Encoding.UTF8.GetString includes BOM in output string

556 views Asked by At

Consider this code

using var mem = new MemoryStream();
await using var writer = new StreamWriter(mem, Encoding.UTF8);

await writer.WriteLineAsync("Test");
await writer.FlushAsync();
mem.Position = 0;

Then this code throws

var x = Encoding.UTF8.GetString(mem.ToArray());
if (x[0] != 'T') throw new Exception("Bom is present in string");

Becaus BOM is present. Which doesnt make sense since GetString should decode the stream to decoded string.

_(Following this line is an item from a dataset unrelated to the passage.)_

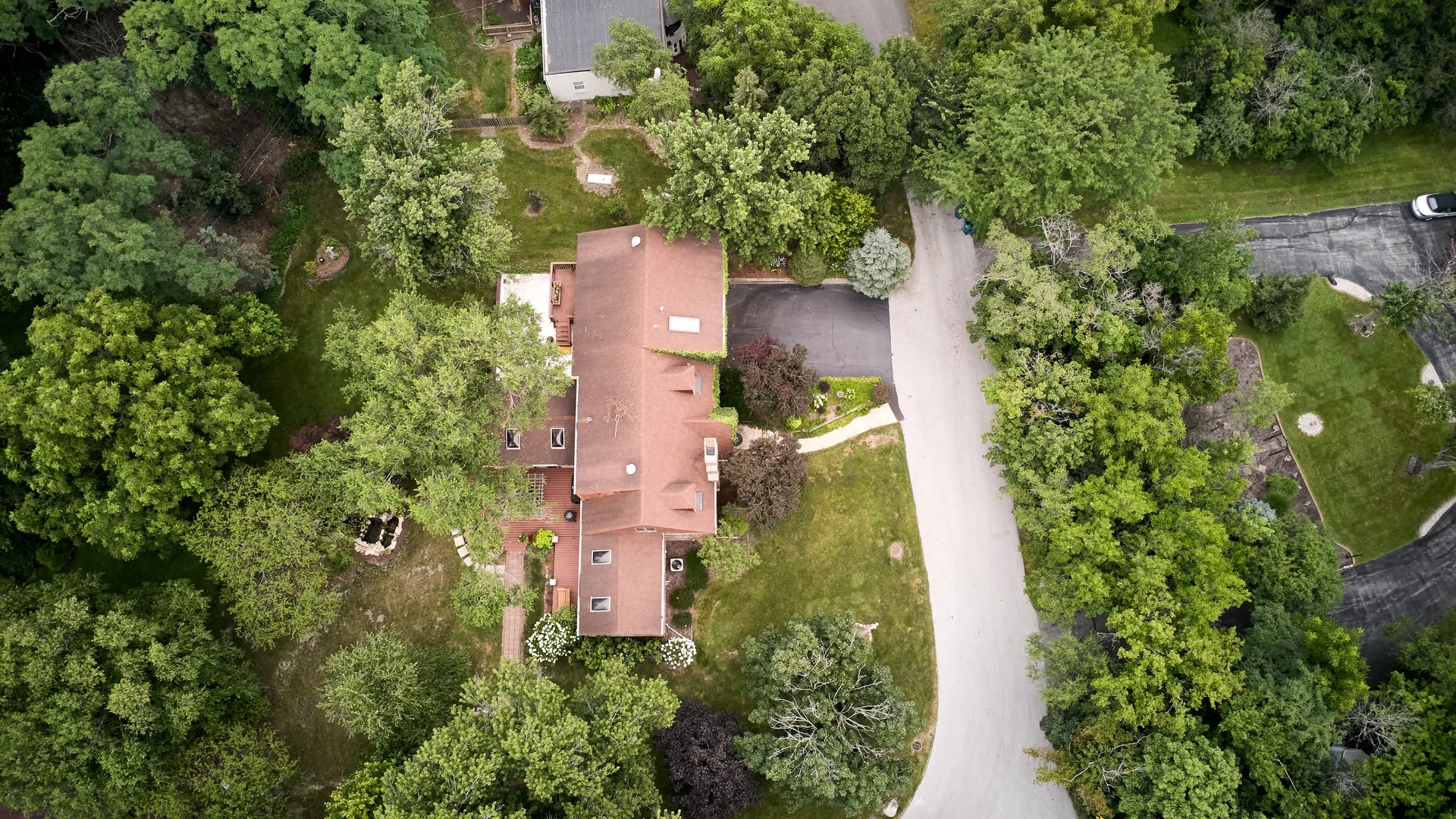 Top-down view of the home, skylights, and driveway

This code works as intended and does not include the BOM

using var reader = new StreamReader(mem, Encoding.UTF8);
var x = await reader.ReadToEndAsync();
if (x[0] != 'T') throw new Exception("Bom is present in string");

Anyone know Microsofts reasoning about this? To me it seems strange to keep a BOM in a method called GetString.

1

There are 1 answers

16
Panagiotis Kanavos On BEST ANSWER

It's important to remember that the Encoding class only deals with the encodingn, not streams, files or packets. GetString converts the full or partial contents of a byte buffer into a Unicode string. It may be called on the entire buffer, or it may be called on just a part of it with GetString (byte[] bytes, int index, int count);

GetString neither generates nor handles BOM bytes. The bytes were emitted by StreamWriter because the encoding used explicitly specifies it. The StreamWriter.Flush() source code shows that the method explicitly emits the output of Encoding.GetPreamle() to the stream :

if (preamble.Length > 0)
    stream.Write(preamble, 0, preamble.Length);

GetBytes generates the bytes for the actual string contents. Its inverse, GetString doesn't handle BOMs either, those are handled by the StreamReader class or any custom code that reads raw bytes.

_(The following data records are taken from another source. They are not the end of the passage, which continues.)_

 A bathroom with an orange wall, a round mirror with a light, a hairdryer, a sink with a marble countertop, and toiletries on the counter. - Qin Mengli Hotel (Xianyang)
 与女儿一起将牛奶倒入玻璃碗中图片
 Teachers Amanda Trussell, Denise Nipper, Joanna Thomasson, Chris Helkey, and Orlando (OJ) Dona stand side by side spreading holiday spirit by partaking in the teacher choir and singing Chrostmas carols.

From the Encoding.UTF8 property remarks:

The UTF8Encoding object that is returned by this property might not have the appropriate behavior for your app.

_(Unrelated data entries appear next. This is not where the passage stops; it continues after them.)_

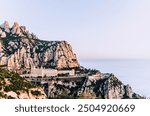 Montserrat mountain range and monastery landscape bathed in a sea of pastel clouds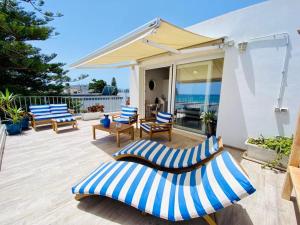 eine Terrasse mit blauen und weißen Stühlen und einem Sonnenschirm in der Unterkunft Il Profumo del Mare in Cagliari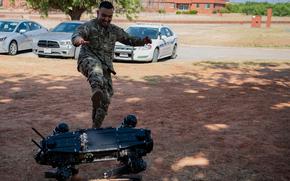 Master Sgt. Jaime Gutierrez, plans and programs superintendent for the 7th Security Forces Squadron, performs a durability and strength test on a robot dog at Dyess Air Force Base, Texas, Aug. 5, 2022.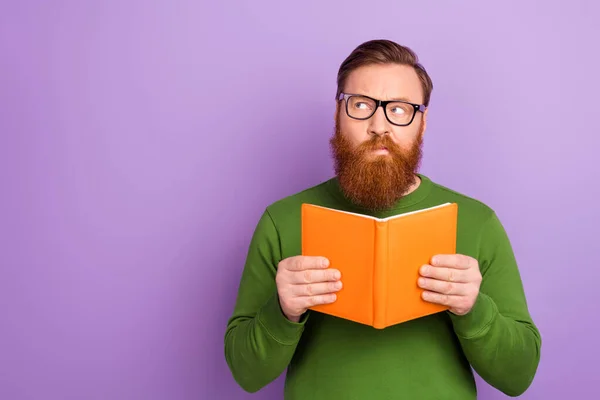 Foto de jovem homem inteligente olhando espaço em branco pensando sobre reviravoltas livro enredo isolado no fundo cor violeta — Fotografia de Stock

  • It returns a UTF8Encoding object that provides a Unicode byte order mark (BOM). To instantiate a UTF8 encoding that doesn't provide a BOM, call any overload of the UTF8Encoding constructor.

StreamWriter uses UTF8 without BOM when no encoding is specified, both in .NET Framework and .NET Core :

This constructor creates a StreamWriter with UTF-8 encoding without a Byte-Order Mark (BOM), so its GetPreamble method returns an empty byte array.